■ **SUPPLIED DATA**

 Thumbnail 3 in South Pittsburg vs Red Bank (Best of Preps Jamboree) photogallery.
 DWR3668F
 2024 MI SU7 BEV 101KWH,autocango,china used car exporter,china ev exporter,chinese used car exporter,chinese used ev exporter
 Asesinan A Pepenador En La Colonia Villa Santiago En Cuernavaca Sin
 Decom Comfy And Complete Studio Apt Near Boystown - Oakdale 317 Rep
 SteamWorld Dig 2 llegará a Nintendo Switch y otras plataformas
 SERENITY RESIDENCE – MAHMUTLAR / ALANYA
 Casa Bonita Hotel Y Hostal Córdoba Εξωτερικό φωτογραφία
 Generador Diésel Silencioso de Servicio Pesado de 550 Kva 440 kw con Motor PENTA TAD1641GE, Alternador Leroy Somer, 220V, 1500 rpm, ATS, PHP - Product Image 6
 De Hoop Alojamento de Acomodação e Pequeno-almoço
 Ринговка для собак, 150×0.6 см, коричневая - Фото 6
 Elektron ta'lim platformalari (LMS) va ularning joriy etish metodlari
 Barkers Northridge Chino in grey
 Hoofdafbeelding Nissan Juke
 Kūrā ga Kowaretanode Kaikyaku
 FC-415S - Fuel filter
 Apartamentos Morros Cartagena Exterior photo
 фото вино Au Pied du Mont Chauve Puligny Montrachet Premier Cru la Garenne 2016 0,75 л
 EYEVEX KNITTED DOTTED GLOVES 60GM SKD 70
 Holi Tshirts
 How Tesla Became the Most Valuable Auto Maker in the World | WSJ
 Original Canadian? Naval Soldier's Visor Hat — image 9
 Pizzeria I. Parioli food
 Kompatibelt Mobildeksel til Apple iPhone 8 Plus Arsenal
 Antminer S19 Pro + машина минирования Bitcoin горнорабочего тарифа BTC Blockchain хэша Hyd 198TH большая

■ **WORK REQUIRED**
Your task is to transcribe exactly the lines from the one with "Hoofdafbeelding Nissan Juke" through the end of the data, both included, and nothing besides.

■ **RESPONSE BOX**
 Hoofdafbeelding Nissan Juke
 Kūrā ga Kowaretanode Kaikyaku
 FC-415S - Fuel filter
 Apartamentos Morros Cartagena Exterior photo
 фото вино Au Pied du Mont Chauve Puligny Montrachet Premier Cru la Garenne 2016 0,75 л
 EYEVEX KNITTED DOTTED GLOVES 60GM SKD 70
 Holi Tshirts
 How Tesla Became the Most Valuable Auto Maker in the World | WSJ
 Original Canadian? Naval Soldier's Visor Hat — image 9
 Pizzeria I. Parioli food
 Kompatibelt Mobildeksel til Apple iPhone 8 Plus Arsenal
 Antminer S19 Pro + машина минирования Bitcoin горнорабочего тарифа BTC Blockchain хэша Hyd 198TH большая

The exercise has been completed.